Data quality best practices

One of the biggest questions and obstacles when it comes to decision making in any organization is: “Can we trust the quality of our data?” No organization wants to make strategic decisions based on flawed data, and the uncertainty around the quality and reliability of data can be a barrier to revenue and growth.

In this post, we will outline several data quality best practices that will help to improve organizational confidence in the quality of your data and streamline your decision-making process.

What is data quality?

Data quality is often defined as a measure of how accurate, complete, consistent, and relevant data is for an intended purpose.

While “data quality” exists in the data management context, it also has important nuances in the business context.

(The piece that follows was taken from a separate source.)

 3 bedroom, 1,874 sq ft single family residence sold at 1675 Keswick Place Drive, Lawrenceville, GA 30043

Naturally, some of the fundamental questions about data quality are “Is the data accurate?” and “Does it contain bad records?” You can extend those to questions like “Is the data complete?” and “Did we miss important information in collecting the data?” You want to know whether the data is missing things that it should contain. That’s where consistency plays a role in data quality best practices.

For example, when you’re creating a form to collect data, you make decisions about which fields will be required and which will be optional. If some of your respondents fill in the optional fields and some leave them blank, can your decision makers consider all the resulting records to be consistent? Some will; others will complain that the data is incomplete. That difference in consistency matters to data quality.

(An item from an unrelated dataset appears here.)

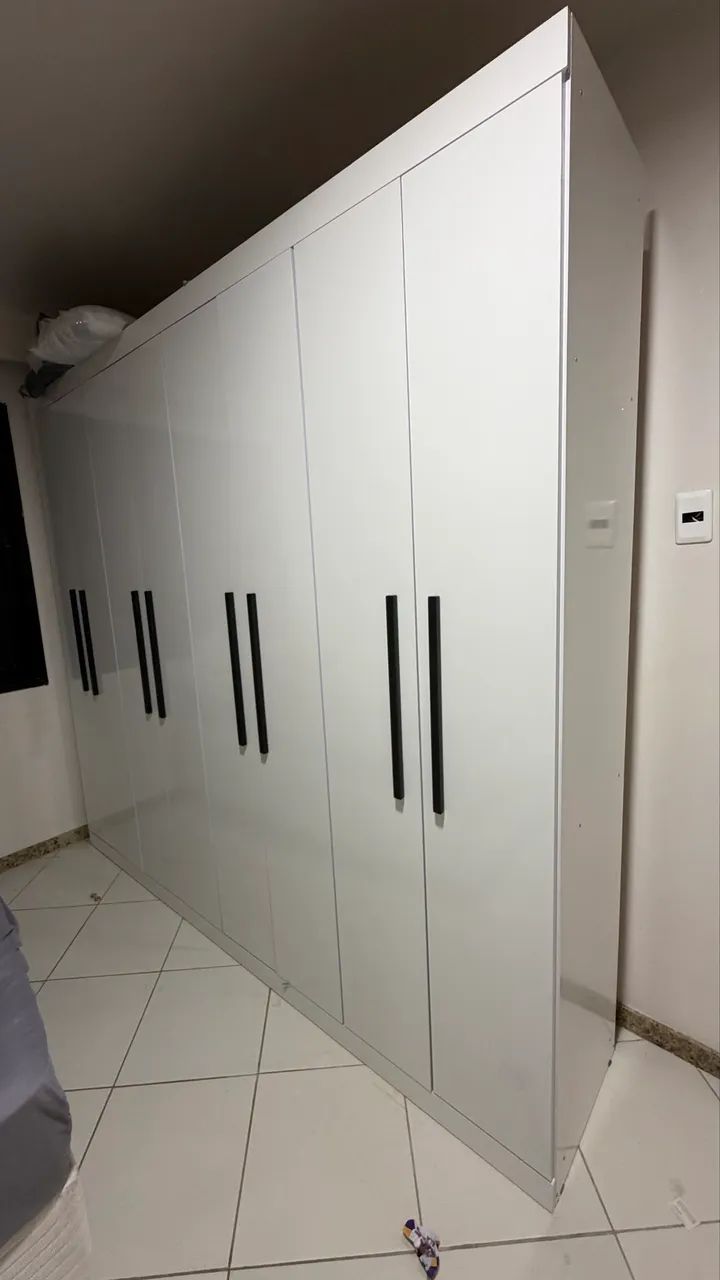 Guarda Roupa 8 portas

Another element of data quality is business relevance, which can be even more subjective. Are you collecting (and paying to store) data with no relevance to the business purpose at hand? Quality is about more than what is stored in the database; it’s about data being fit for use and supporting the needs of the business. Is what’s supposed to be in the data, actually in the data?

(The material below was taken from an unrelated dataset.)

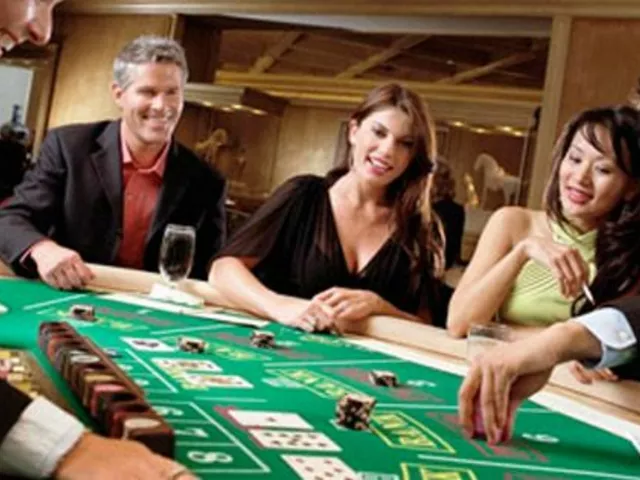 Does anyone win a big amount through online casino websites?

Why is it important to maintain data quality?

Your data is an asset and you rely on it to run your business. You want to get the most out of your data by analyzing it for answers to deeper business questions. What do you want to get out of your data as an organization?

Your focus informs the definition of data quality in your organization. At the most superficial level, you need basic, transactional data quality so you can ship product and get paid. But suppose you want to work at a deeper level and use the data to optimize your customers’ experience. Suppose you want to use the data to find adjacent markets, then grow your revenue and your company. Those goals will expand your definition of data quality.

The profusion of products for running analytics on data is another argument for maintaining data quality. These capabilities are no longer the in the sole domain of large enterprises with deep pockets.  It has never been easier for small and medium-sized businesses to analyze and use their data without a dedicated team of number-crunchers. That brings new insights within closer reach of decision makers but makes it more important to base those decisions on high-quality data.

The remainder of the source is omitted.